### TASK DESCRIPTION
Your answer should be the lines below from the one with "实木梳911-1108妆梳妆复凳美式台卧室妆古白色翻盖化妆储物台化桌" to the one with "100% Pure and", both included, given again exactly and with nothing added.

[Stored dataset items]
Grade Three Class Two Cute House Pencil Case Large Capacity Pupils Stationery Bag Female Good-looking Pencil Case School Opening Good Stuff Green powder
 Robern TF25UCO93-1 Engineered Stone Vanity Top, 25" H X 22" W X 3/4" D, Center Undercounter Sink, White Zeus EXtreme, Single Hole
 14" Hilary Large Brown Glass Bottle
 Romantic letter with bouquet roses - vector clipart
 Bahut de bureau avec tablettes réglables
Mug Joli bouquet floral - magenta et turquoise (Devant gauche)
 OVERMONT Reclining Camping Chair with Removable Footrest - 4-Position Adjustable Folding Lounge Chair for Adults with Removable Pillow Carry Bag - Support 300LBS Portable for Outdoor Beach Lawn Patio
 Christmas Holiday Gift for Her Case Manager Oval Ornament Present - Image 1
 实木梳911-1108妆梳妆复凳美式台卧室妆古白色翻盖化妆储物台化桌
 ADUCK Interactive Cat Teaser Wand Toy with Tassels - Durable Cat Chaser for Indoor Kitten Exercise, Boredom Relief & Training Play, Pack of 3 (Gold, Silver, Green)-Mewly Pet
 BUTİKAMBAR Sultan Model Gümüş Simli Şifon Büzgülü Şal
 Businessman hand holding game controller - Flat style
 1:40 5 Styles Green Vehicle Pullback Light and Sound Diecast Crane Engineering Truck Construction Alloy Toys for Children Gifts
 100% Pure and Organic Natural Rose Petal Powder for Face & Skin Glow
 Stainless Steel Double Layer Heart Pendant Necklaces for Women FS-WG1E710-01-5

### SOLUTION TO THIS PROBLEM
 实木梳911-1108妆梳妆复凳美式台卧室妆古白色翻盖化妆储物台化桌
 ADUCK Interactive Cat Teaser Wand Toy with Tassels - Durable Cat Chaser for Indoor Kitten Exercise, Boredom Relief & Training Play, Pack of 3 (Gold, Silver, Green)-Mewly Pet
 BUTİKAMBAR Sultan Model Gümüş Simli Şifon Büzgülü Şal
 Businessman hand holding game controller - Flat style
 1:40 5 Styles Green Vehicle Pullback Light and Sound Diecast Crane Engineering Truck Construction Alloy Toys for Children Gifts
 100% Pure and Organic Natural Rose Petal Powder for Face & Skin Glow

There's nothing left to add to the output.